- **What needs to be done**: Below are entries; output exactly the lines from the one with "Trackon Budget Analog" to the one with "Girls' Ombre Sequin", both included, and nothing else.

********************

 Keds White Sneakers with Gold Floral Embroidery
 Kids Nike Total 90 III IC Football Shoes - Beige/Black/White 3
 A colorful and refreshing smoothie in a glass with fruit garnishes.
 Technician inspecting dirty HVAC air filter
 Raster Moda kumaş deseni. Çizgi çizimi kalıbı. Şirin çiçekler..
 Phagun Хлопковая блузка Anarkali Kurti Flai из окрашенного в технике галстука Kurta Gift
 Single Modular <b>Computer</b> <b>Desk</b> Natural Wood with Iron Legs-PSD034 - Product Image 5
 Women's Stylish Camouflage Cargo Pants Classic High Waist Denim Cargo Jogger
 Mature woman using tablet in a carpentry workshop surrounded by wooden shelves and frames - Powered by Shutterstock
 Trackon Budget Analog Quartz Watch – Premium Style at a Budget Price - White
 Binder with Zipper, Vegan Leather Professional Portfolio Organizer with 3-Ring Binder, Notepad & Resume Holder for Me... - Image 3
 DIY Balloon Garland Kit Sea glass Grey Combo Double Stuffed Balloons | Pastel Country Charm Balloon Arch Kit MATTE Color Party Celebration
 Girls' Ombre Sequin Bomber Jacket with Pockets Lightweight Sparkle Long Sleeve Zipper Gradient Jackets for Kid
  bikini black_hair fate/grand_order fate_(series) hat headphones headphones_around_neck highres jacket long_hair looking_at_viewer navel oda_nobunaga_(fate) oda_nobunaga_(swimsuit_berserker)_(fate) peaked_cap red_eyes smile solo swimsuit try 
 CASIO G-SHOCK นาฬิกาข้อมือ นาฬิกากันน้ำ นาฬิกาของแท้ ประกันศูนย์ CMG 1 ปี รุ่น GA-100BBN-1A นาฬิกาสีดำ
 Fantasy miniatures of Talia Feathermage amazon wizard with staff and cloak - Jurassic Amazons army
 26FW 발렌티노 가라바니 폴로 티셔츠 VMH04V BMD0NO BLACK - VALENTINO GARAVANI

********************

- **Solved problem**:
 Trackon Budget Analog Quartz Watch – Premium Style at a Budget Price - White
 Binder with Zipper, Vegan Leather Professional Portfolio Organizer with 3-Ring Binder, Notepad & Resume Holder for Me... - Image 3
 DIY Balloon Garland Kit Sea glass Grey Combo Double Stuffed Balloons | Pastel Country Charm Balloon Arch Kit MATTE Color Party Celebration
 Girls' Ombre Sequin Bomber Jacket with Pockets Lightweight Sparkle Long Sleeve Zipper Gradient Jackets for Kid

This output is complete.